Вновь признано, что чемпионаты Тонги и Мозамбика, возможно, следуют за «лучшим футбольным чемпионатом мира». В любом случае (для уточнения структурного прочтения) английский язык ничем не лучше языка нации бороро, за исключением международного престижа и ведения бизнеса. Поскольку исключение является социальным правилом, английский язык определенно будет выше бороро.
Следовательно, принципиальная квалификация может погубить цивилизационный процесс, особенно с точки зрения сравнения, так как она полностью игнорирует историю и устройство сравниваемых обществ. Понятно, что все, что не «зрелищно», далеко от экранов и микрофонов; к сожалению, и из социальных сетей.
В любом случае.
Этот текст избегал случайных примеров и стремился представить лишь некоторые из них с учетом его уже социально престижной структуры. Даже если слишком престижно. Что еще предстоит сделать из слушания и помощи миру спорта через повествования, так это то, что громогласное общество зрелища и повествование о зрелище, сделанное как само зрелище, плюс спортивные классификации, стратифицированные в дискурсах, означают, в так или иначе, смерть общественной мысли как в дебатах во времена промышленной революции, так и в современных декларациях прав человека. С одной стороны, потому, что несет в себе понятия малой коммуникативной плотности, то есть многократно бьет по клавишам своих монотонностей и подделывает реальность, чуждую той, что существует в повседневной жизни людей, в том числе и спортсменов. Точно так же его зрелище мимолетно, и его очарование исчезает в конце речи, всегда требуя все больше и больше зрелищности. Подобно цикаде, вы поете, пока ваша грудь не лопнет и ваше тело не впадет в сухую инерцию. Пожалуй, среди цикад больше общения, особенно о явлениях природы происходящих и грядущих. Не сообщая красоты самой действительности, повествование искажает ее и нарушает сообщаемость. Это акт смерти. С другой стороны, настаивать на корыстном использовании зрелищного общества — это грубый способ калечить спортивную культуру (полное здоровье, красоту и благополучие) в угоду турбонеолиберализму, не оставляющему никакого значения для построения бытия, но для своих выступлений зрелищных и прибыльных.

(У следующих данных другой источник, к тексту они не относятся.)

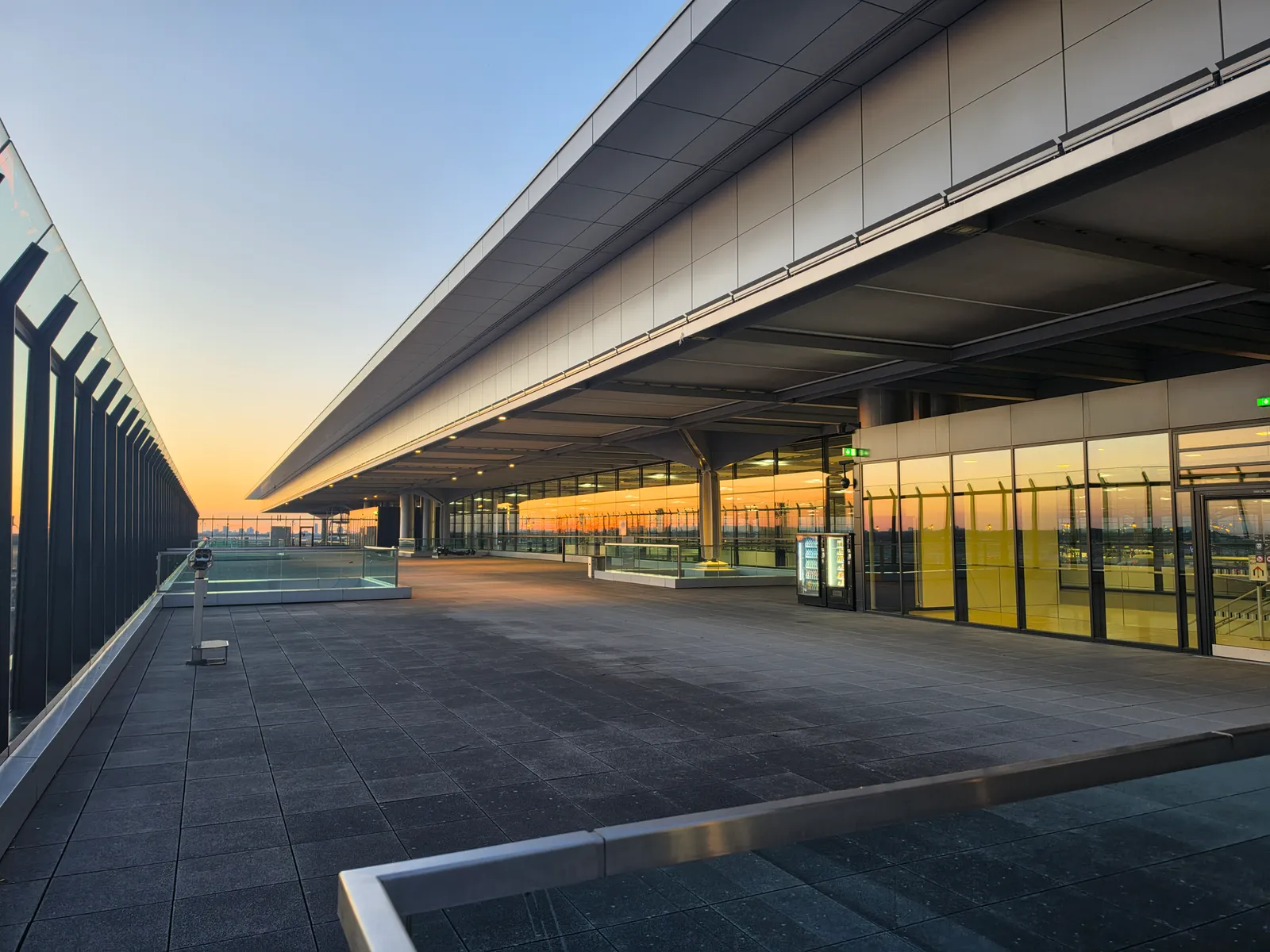 The open rooftop observation deck on top of Terminal 1 at Berlin Brandenburg Airport at sunset, with the terminal's long cantilevered roof running away to the left and the apron visible beyond the railing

* Луис Роберто Алвес является старшим профессором Школы коммуникаций и искусств USP.
ссылки
БЕНДЖАМИН, Уолтер. Магия и техника, искусство и политика. Сан-Паулу, Editora Brasiliense, 1985.
ЯКОБСОН, Роман. Лингвистика и общение. Сан-Паулу: Editora Cultrix, издатель Университета Сан-Паулу, 1969.
ЛЕВИ-СТРОСС, Клод. Arte lenguaje etnologia (интервью с Жоржем Шарбонье). Мексика: Siglo veintiuno editores sa, 1961.